MASTER
POWERHOUSE ArenaBrooklyn, NY, United States
 
 

Book Launch: Hebdomeros and Mr. Dudron by Giorgio de Chirico

By powerHouse (other events)

Thursday, May 22 2025 7:00 PM 9:00 PM EDT
 
ABOUT ABOUT

This event is sponsored by A Public Space Books

About the Book.

This seminal 1929 surrealist novel by the painter Giorgio de Chirico merges the realms of dream and reality.

In the artist’s only novel, de Chirico invites the reader into a world where language, time, space, and meaning are fluid, highlighting themes of mystery, myth, and the uncanny. Following the titular character Hebdomeros as he embarks on a series of philosophical musings and bizarre experiences divorced from a specific place or time, Hebdomeros embraces ambiguity in a profound exploration of the subconscious mind. Highly visual passages evoke the landscapes and compositions of de Chirico’s metaphysical paintings, and non sequiturs mirror the freedom that Surrealism allowed for in art of all categories.
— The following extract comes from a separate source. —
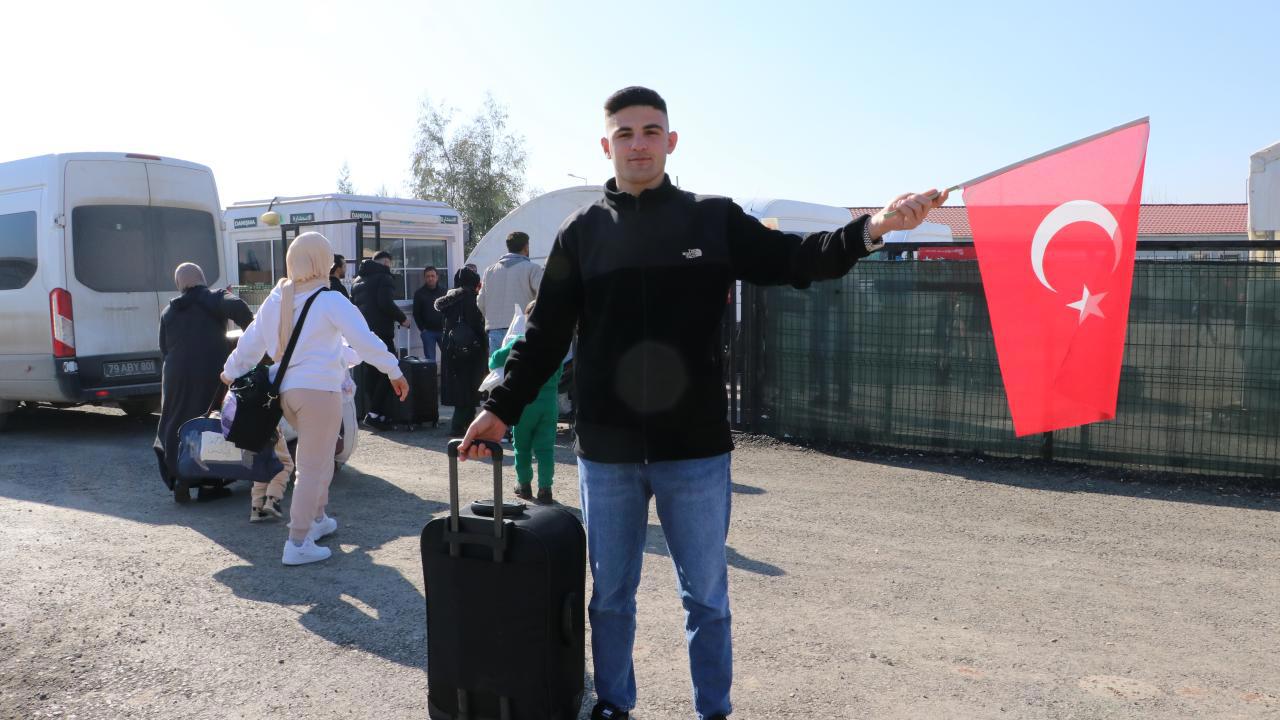 Türk bayrağıyla Suriye'ye dönen Abdulkadir'den anlamlı jest!
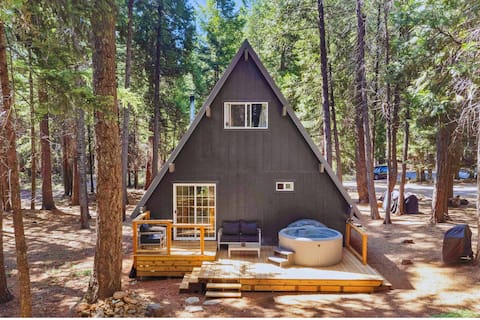 Quiet/Cozy A-Frame Near Mount Lassen w/Hot Tub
An introduction by the scholar Fabio Benzi contextualizes de Chirico’s work within a broader modernist framework, highlighting its influence on surrealism and its resonance with the literary and artistic movements of the early twentieth century.

About the Author.

The Italian painter Giorgio de Chirico (1888–1978) is best known for developing the style of metaphysical painting, which greatly influenced surrealism. Born in Greece, de Chirico studied in Athens and Munich, where he was inspired by the writings of Schopenhauer and Nietzsche and the work of Arnold Böcklin and Max Klinger. After a year in Florence, he moved to Paris in 1911 and began exhibiting his enigmatic paintings of deserted piazzas featuring Roman arcades and classical statues that cast long, illogical shadows. While serving in the Italian army during World War I, he integrated objects and depictions of canvases on easels from disorienting perspectives into his mysterious interiors and landscapes. After 1919, upon settling in Rome, he embraced the style and techniques of the Italian masters and executed more academic compositions, though by 1925 he was again living in Paris and had returned to metaphysical themes. He continued to paint until the end of his life, living between Italy and France, and at eighty years old he entered his neometaphysical period, reinterpreting the classical subjects from his early, disquieting work in serene atmospheres and bright colors.